There was a spiritual sequel to Rez in 2011 with Child of Eden, but despite the improved visuals, I didn’t get the same feeling until I loaded up Thumper a few days ago. I’m not sure what I was expecting from a game that billed itself as “Rhythm Violence,” but after playing for a bit, I’ll be darned if the developer, Drool, didn’t deliver on that promise.
Thumper is a great example of a game that doesn’t need a story. Your space beetle avatar careens through a psychedelic tunnel stuffed with hazards that match up with the beats of the oppressive music that plays in the background. You can mess up once per level, but any more than that and your beetle explodes into chunks and you’ll start the level over. It plays a lot like a Rock Band or Guitar Hero title since you’re constantly watching the tunnel ahead of you for the next prompt and doing your best to hit it on the beat.
It sounds simple, but there’s no denying this is an intense experience. Playing well requires your full attention at all times, and you’ll feel it in your guts when you mess up a turn or fail to boost through a barrier. It’s hard to describe how deeply this game tapped into my fear center. In fact, I was a little shaken by how Thumper grabbed hold of my brain on a primal level. Fortunately, Breath of the Wild‘s low stress, pastoral setting was able to provide a quick antidote.
The Switch version adds support for HD rumble, which makes it all the more immersive when your poor space beetle flies to pieces. Being able to go portable in handheld mode is always a nice feature, and the framerate doesn’t suffer for it. I did find it a little harder to see what was coming up ahead of me on the smaller screen, but it didn’t seem to affect how often I screwed up. Having a good pair of headphones is a must, though, and this might not be a game you’d like to play on a bus or a car trip. It’s much more suited to a dark night in bed where all you can see is the screen and the track ahead of you.

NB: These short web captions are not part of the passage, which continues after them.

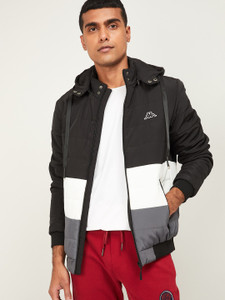 Ellesse mannio outlet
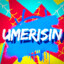 Umerisin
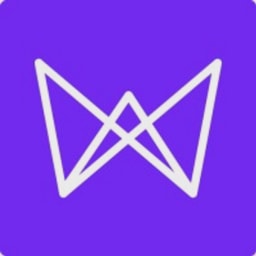 Wethos logo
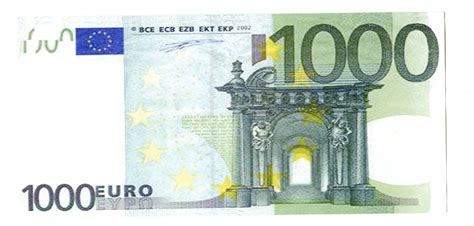 schein zum drucken  euro schein ausdrucken  euro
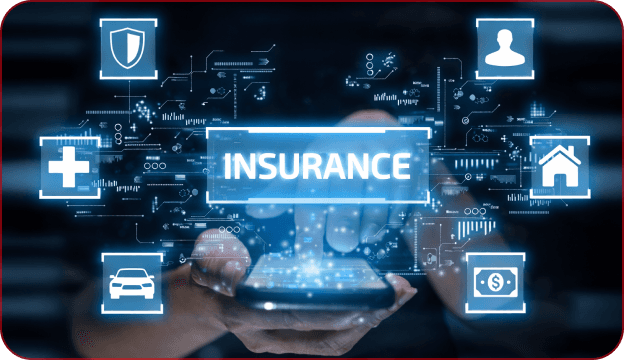 AI in Insurance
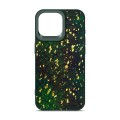 Чохол до мобільного телефона Harder Nagas Apple iPhone 15 Pro Max Green (ARM76743)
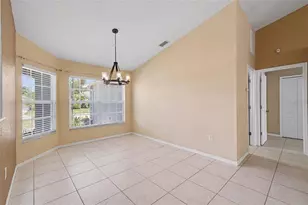 369 Salvador Dr, Punta Gorda, FL 33983 - Photo 10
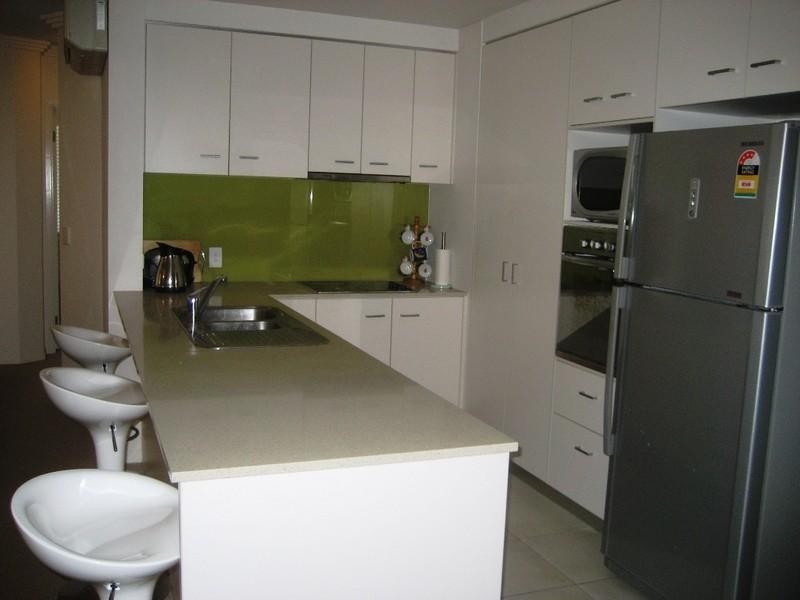 24/201 Market Square Varsity Parade, Varsity Lakes QLD 4227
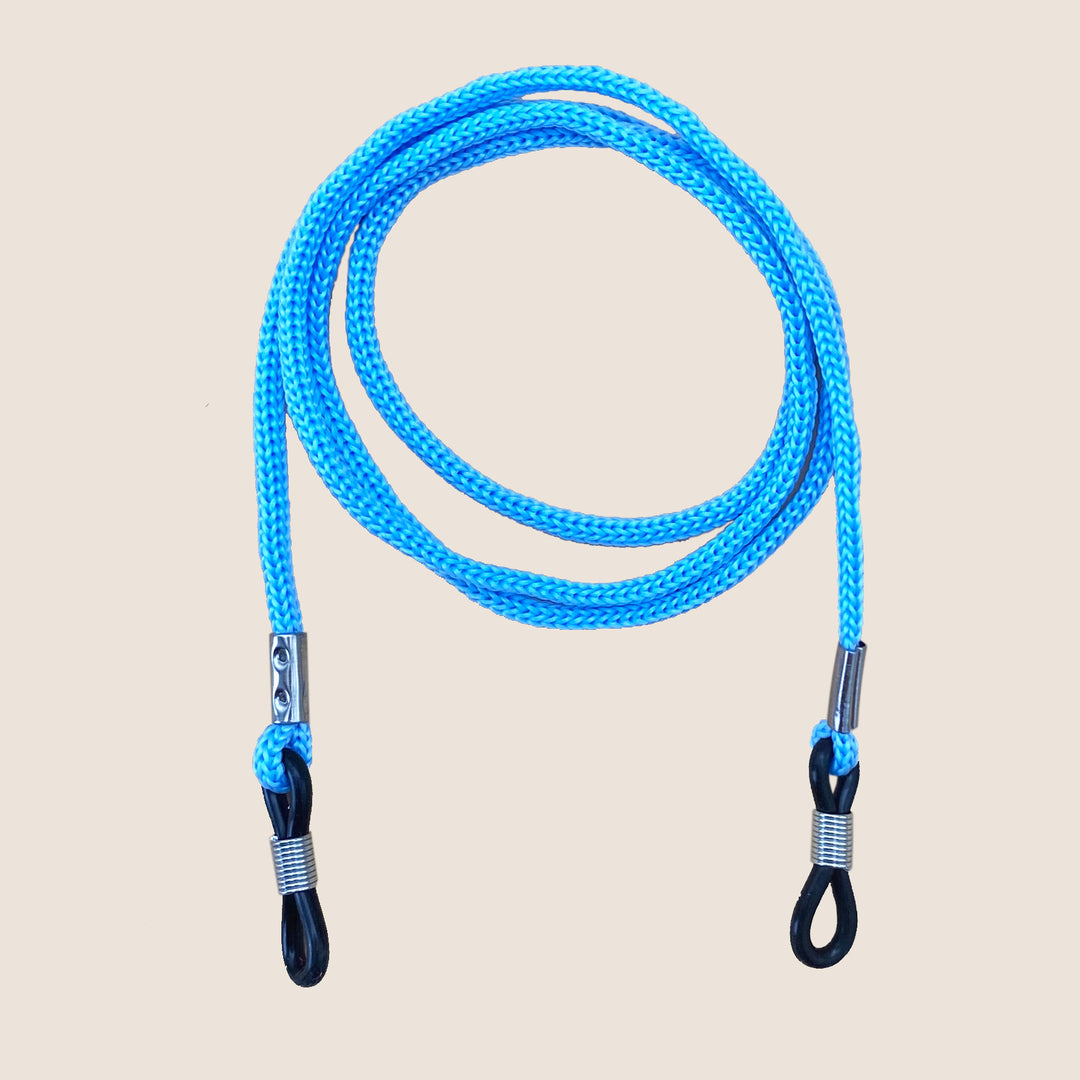 High-Performance Elastic Shoelaces Bowlift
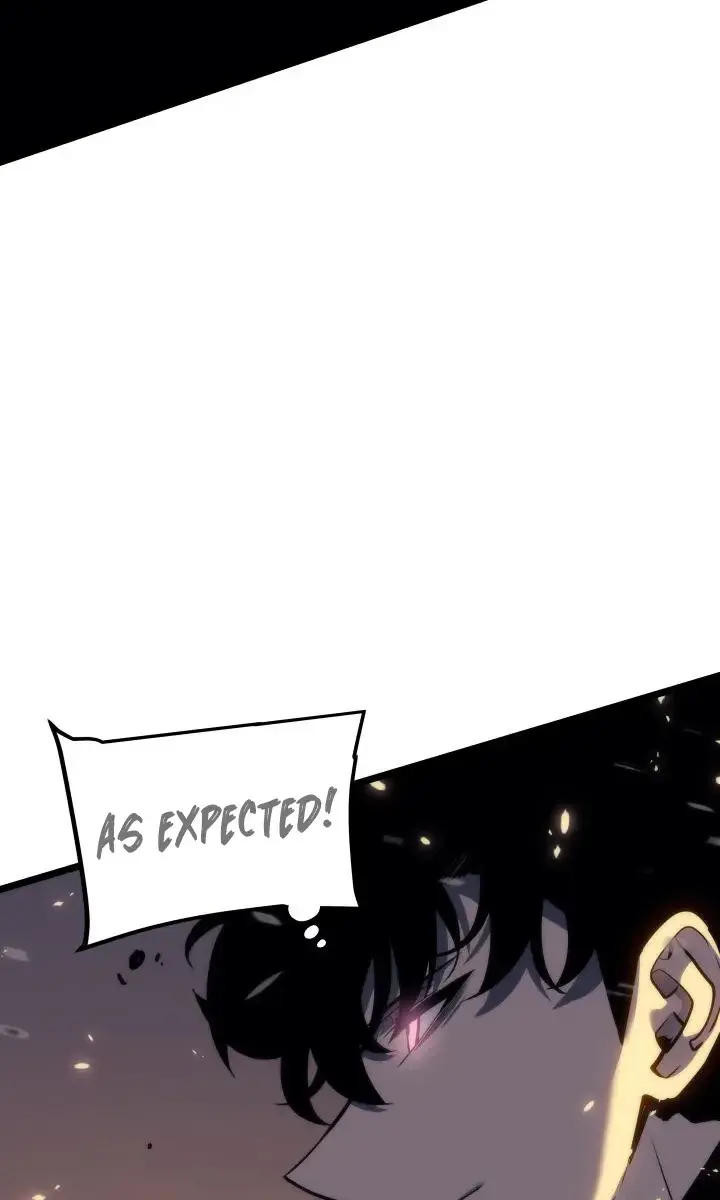 Solo Leveling Chapter 136 Page 105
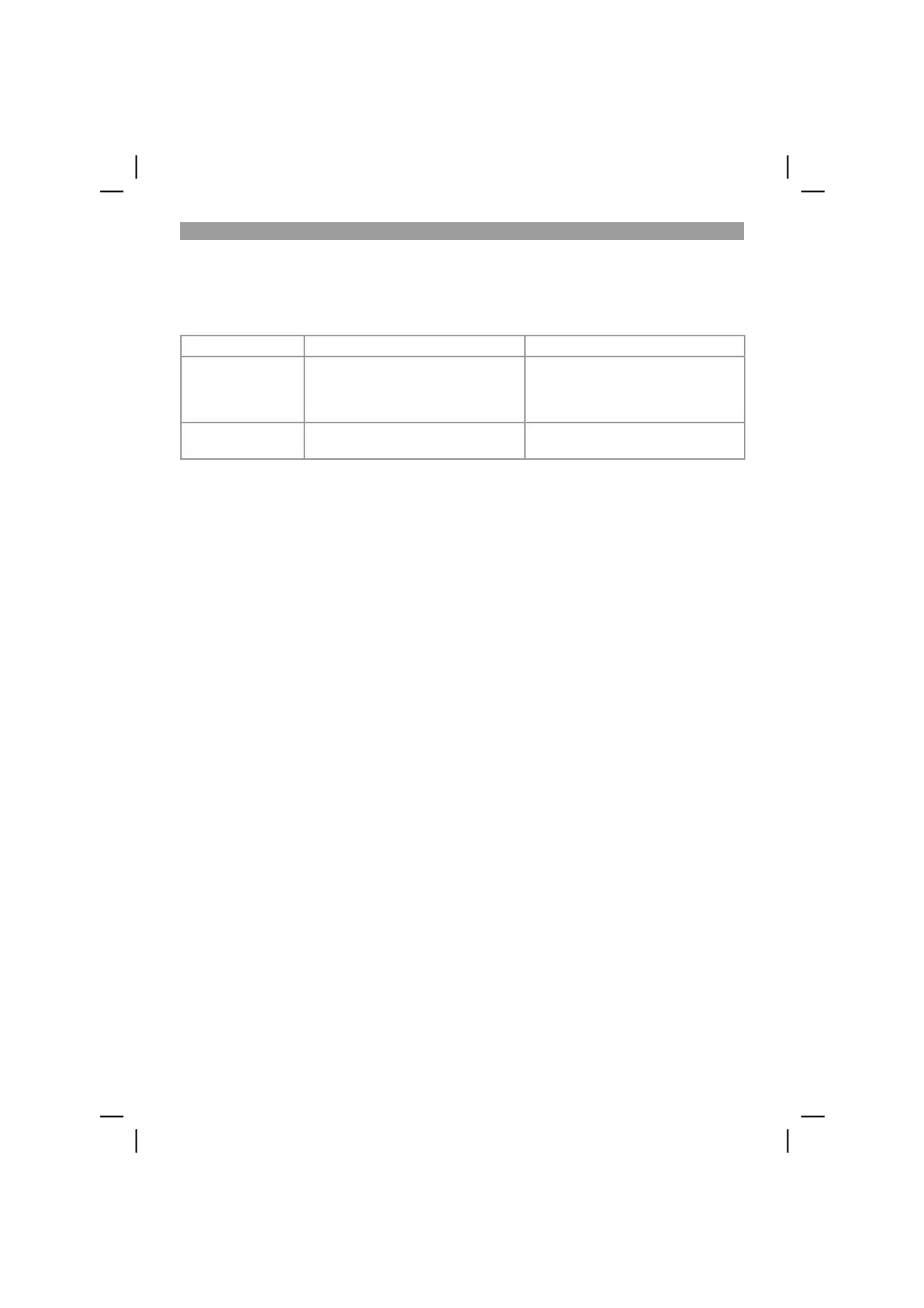 Page #26 background image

Thumper is a welcome addition to the Switch’s library, but for people with access to multiple systems, it may not be the ideal way to experience the title. While it plays great in both docked and handheld modes and maintains a solid 60 FPS throughout, a game like this is enhanced considerably if you can shut out the outside world and give it your full attention. It seems ideal for virtual reality setups, and I’d imagine playing on PlayStation VR, Vive or Oculus Rift is a much more immersive way to experience Thumper. For those without access to a VR-capable system however, Thumper on the Switch is an easy game to recommend.
[These impressions are based upon a retail version of the game provided by the publisher.]